Self-effacing in its titular glory, ‘01s Ancient Melodies Of The Future finds Martsch refining his approach with more neo-orchestral embellishments and a touch of the Blues (check out the slack-chorded opening and slide glissando of “Happiness” and the bloozy Spaghetti Western guitar-motifs-gone-awry pervading “Don’t Try”).
“Brett’s a great Blues guitar player. I’ve always taken something from him. On Keep It Like A Secret, I started getting into the Blues, specifically Fred Mc Dowell. I played all the guitars on that record.” He also points out, “There’s even a little slide influenced by George Harrison.”
Quasi’s Sam Coomes dropped by the studio to lay down a catchy Roxichord beat above the heavenly scree and decorative backwards tape loops of “Strange.” Recalls Martsch, “I played with guitars for that song, but it didn’t sound cool. It was like a bad R.E.M. rip-off. So I hired Sam (to play keyboards).”
A Beatle fan with a keen sense of pop history, the orchestral mist of “The Host” and “Alarmed” conjure memories of the Fab Four’s Magical Mystery Tour period.
“The mellotron stuff is inspired by the Beatles” he quips. “I wanted thick sounds you couldn’t get with the guitar, unless it was distorted. It was mostly a practical decision.”
Drifting along rather casually, “The Weather” trades the wankering guitar fury of Neil Young’s “Cortez The Killer” (covered on ‘00s Live album) for an acoustic pulse more in tune with that aging rockers’ Harvest days.

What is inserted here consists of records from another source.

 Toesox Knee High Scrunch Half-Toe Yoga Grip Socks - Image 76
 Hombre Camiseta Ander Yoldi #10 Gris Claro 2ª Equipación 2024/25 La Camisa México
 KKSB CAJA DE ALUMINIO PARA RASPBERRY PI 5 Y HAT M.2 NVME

Meanwhile, the sassy country bumpkin, “Fly Around My Pretty Little Miss,” is a peppy turnabout which would fit in well alongside long lost ‘70s pop drifters Emitt Rhodes or Thunderclap Newman. From its pulsating acoustic origins to its overblown distorted closing, the ominous transcendence and cathartic lyrical runs of “In Your Mind” cut through a psychedelic melody in a swirly, circular manner.
Of the latter, he insists, “I originally thought it would sound good with minimal guitar-voice-drums. But I messed around with it and made up lots of parts.” The result is one of Built To Spill’s finest achievements, mischievously incorporating surreal imagery to a vexing wave of eerie instrumentation.

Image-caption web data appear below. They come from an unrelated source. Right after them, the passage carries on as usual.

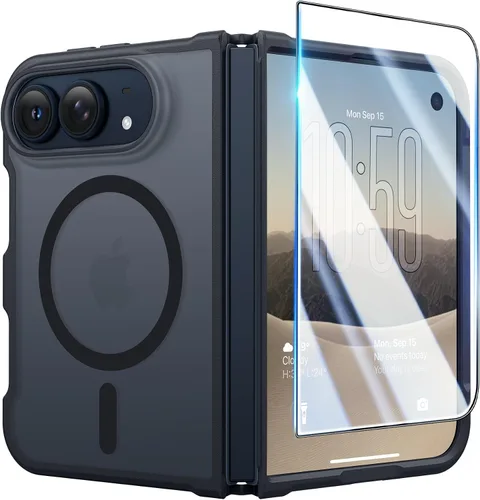 Vista 299 de FNTCASE Funda plegable para Motorola Razr con protección de bisagra A-B Transparente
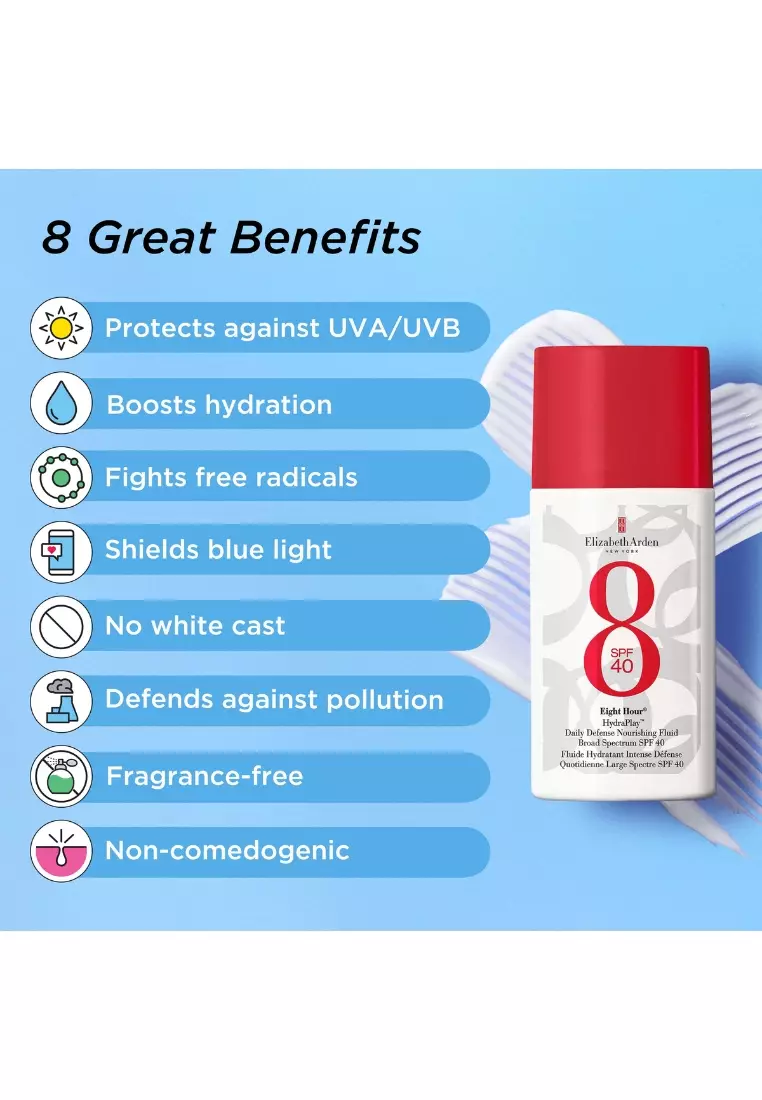 Elizabeth Arden Eight Hour® HydraPlay™ Daily Defense Nourishing Fluid Broad Spectrum SPF 40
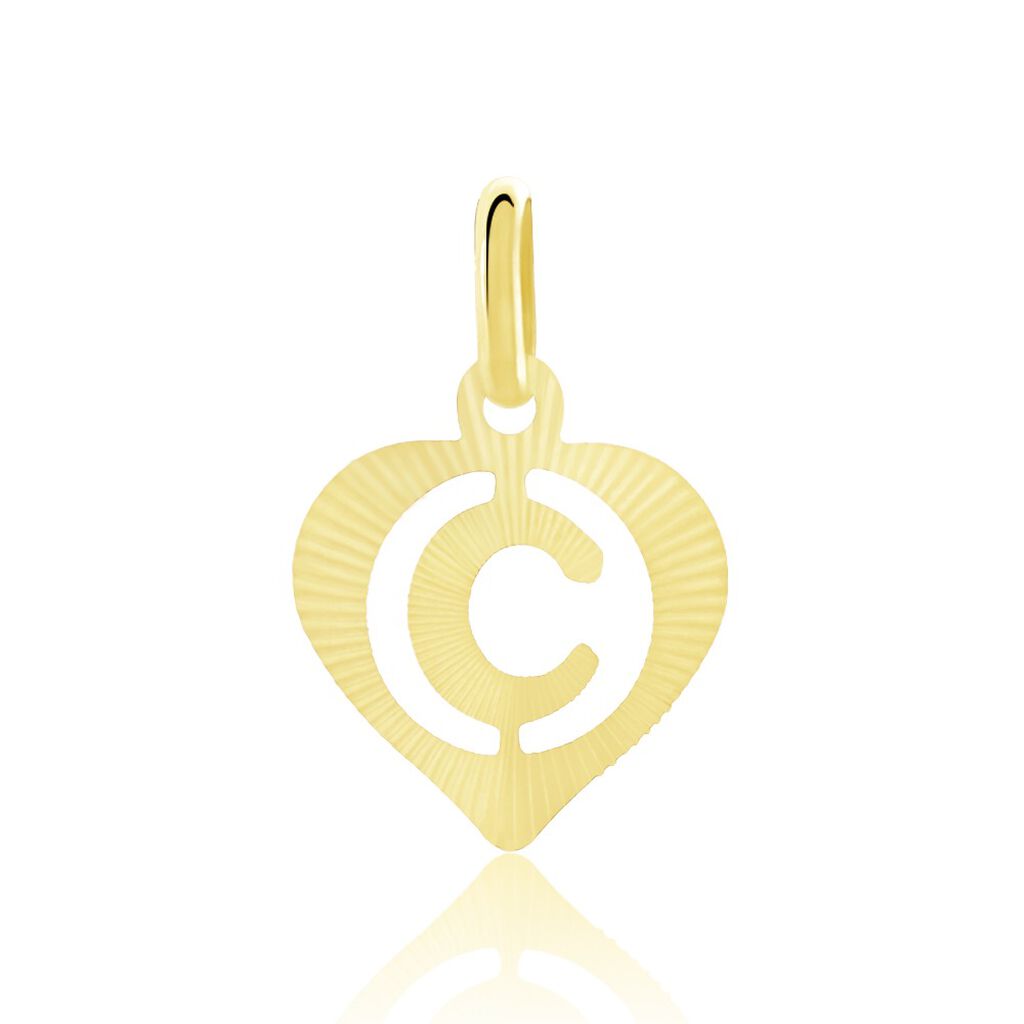 Pendentif Eudocie Coeur Lettre Or Jaune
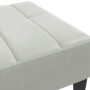 Reposapiés de terciopelo gris claro 77x55x31 cm de , Otomanas - Ref: Foro24-4007384, Precio: 67,74 €, Descuento: %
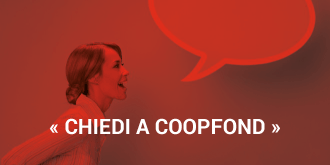 Una donna che urla in un fumetto che dice chiedi a coopfond
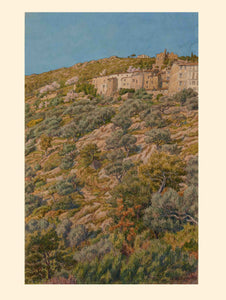 Henri Rivière - Tirage Provence: Bormes en 1925 -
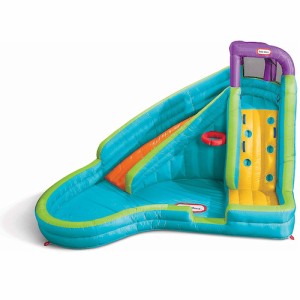 大型ビニールプール スラム＆カーブ ウォータースライ ダー Little Tikes ビニールプール 家庭用プール スライダープール すべり台付きプ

Over the years, Built To Spill have fooled around on a few cool split singles and loaded up some rarities for the neat compilation The Normal Years. Along with fellow Boise-based band Caustic Resin, they released a ‘95 Up Records EP that featured a few stretched out opuses like the advice-smitten “When Not Being Stupid Is Not Enough” and the instrumental “Shit Brown Eyes.” According to Martsch, the best split single included a Heavenly song Built To Spill covered, which he claims “was a beautiful song and fun to record. It was a fluke. I remember I got a good recording even though I’m not an engineer.”
But, he explains, “Although Warner Brothers would allow me to do that, I have no extra tunes lying around. I’m proud of our albums. The side things bummed me out. If I don’t go into the studio, be serious, and spend time, it’s not worthwhile.”
Spoken like a true perfectionist, indeed.
True fans should do their best to search for the two fabulous collaborative side projects Martsch did with indie-eccentric Beat Happening wunderkind Calvin Johnson (with some assistance from post-rock noise geek Steve Fisk). Both ‘94s God Don’t Make No Junk and ‘96s Don’t Tell Me Now are equal to or better than the albums each artist has made with their permanent bands.